Tout commença en 2008 lorsque vint l’heure, pour la Wallonie, de choisir officiellement la ville que l’on écrirait en grand en haut de l’affiche « Capitale culturelle européenne 2015 ». Nombre d’opérateurs culturels et artistes liégeois ont voulu saisir cette opportunité pour poser la candidature de la Cité Ardente. Et si le festival d’émulations qui s’ensuivit ne suffit pas pour rattraper Mons qui avait pris le grand large poussé par un vent favorable, il eut le don d’allumer un feu autour duquel vinrent s’asseoir les acteurs du monde culturel liégeois.
« Ces acteurs se sont rendus compte qu’ils partageaient les mêmes ambitions mais aussi les mêmes préoccupations,résume Julie Hanique, historienne de l’art et coordinatrice du Comptoir des Ressources Créatives. L’idée de se fédérer afin de pouvoir répondre aux besoins de leur secteur a maturé jusqu’à la création de l’asbl. Ils ont ainsi appliqué l’adage « On n’est jamais aussi bien servis que par soi-même ». Et ils ont eu raison puisque le projet n’a cessé de se développer depuis 2012. »
Si le bateau navigue aujourd’hui toutes voiles dehors, c’est en premier lieu parce que ceux et celles qui en ont pris la barre ont décidé d’accueillir tout le monde à bord. « Dès le départ, ce projet, lancé par les créateurs pour les créateurs, s’est voulu pluridisciplinaire. Pas question de figer une liste. De l’art plastique à l’art numérique, du stylisme à la menuiserie, de la photographie aux arts de la scène, toute personne qui vit de ses créations ou qui aspire à en vivre a pu rejoindre le réseau. Qu’elle soit employée, indépendante ou intermittente, qu’elle bénéficie de l’aide du CPAS ou qu’elle ait d’autres sources de revenus », explique Julie qui insiste sur un point : Le comptoir reste très attentif au respect de la singularité de chacun. Il ne juge pas le propos artistique des créateurs qu’il aide ».

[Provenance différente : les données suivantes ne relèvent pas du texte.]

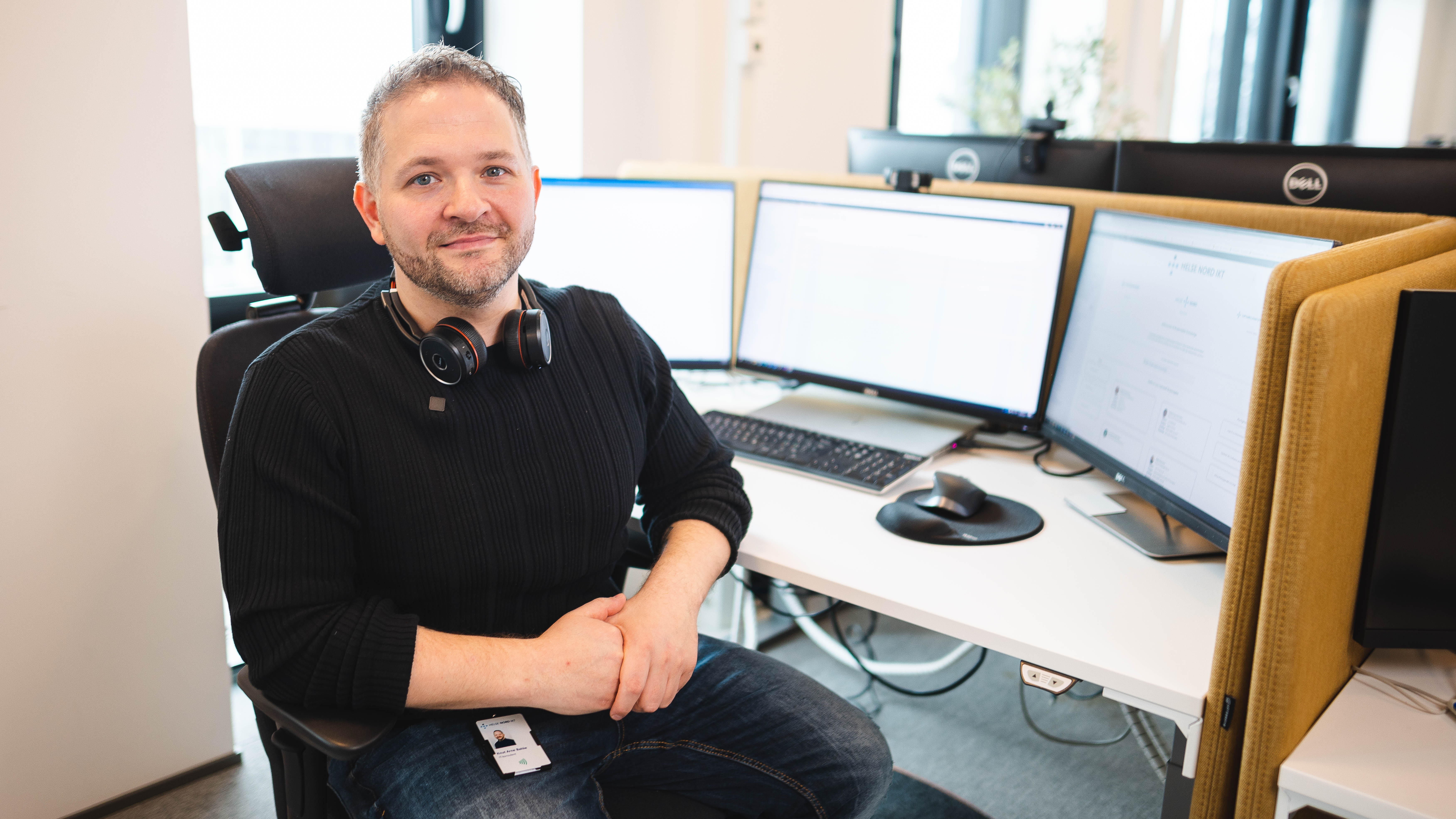 En mann som sitter foran en datamaskin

Priorité n°1 : les espaces de création
Si les besoins ne sont pas forcément les mêmes dans chaque ville, il en est cependant un qui s’est tout de suite imposé partout parce que vital : la nécessité de disposer d’un espace nécessaire à la production. « Sortir de son espace domestique pour se rendre dans un lieu de travail, cela permet de s’extirper de son isolement et d’accorder plus de place à sa vie professionnelle. En outre, cela permet aux créateurs de se rencontrer, d’échanger des idées, de partager du matériel et, donc, de s’inscrire dans une même dynamique. Il nous est donc apparu tout de suite évident que nos services devaient intégrer un volet immobilier ».

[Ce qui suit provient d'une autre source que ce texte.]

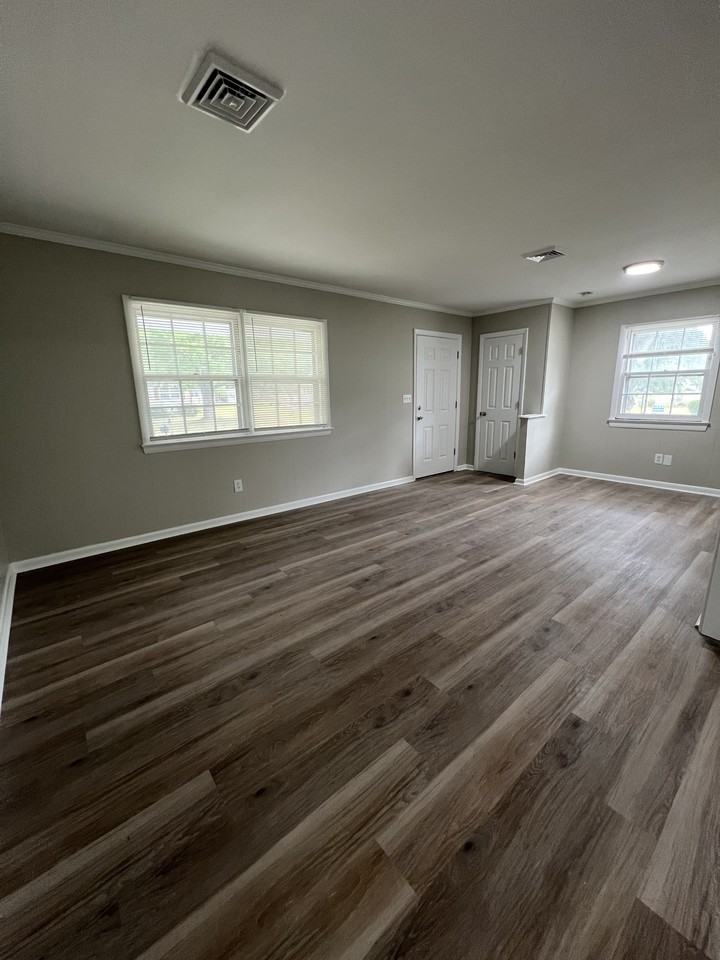 504 Robinson St #1 - Photo 2 of 14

A Liège, le comptoir s’est très vite mis en quête de locaux adaptés aux besoins. Séduite par le dossier qui lui a été présenté, la Ville a accepté, en 2013, de lui louer à bas prix 400m2 de bureaux dans le quartier Saint-Léonard, où l’activité artistique transpire dans chaque rue. « Nous louons ces espaces aux créateurs retenus à un prix avantageux et pour une période de trois ans maximum, renouvelable une fois sur base de la présentation de l’évolution de leur projet », explique Julie, qui précise que ces espaces mutualisés sont aujourd’hui occupés par une vingtaine des créateurs animés d’un même esprit d’émulation et de coopération et actifs dans de nombreuses disciplines : le graphisme, le théâtre, l’écriture, l’audio-visuel, l’éducation populaire…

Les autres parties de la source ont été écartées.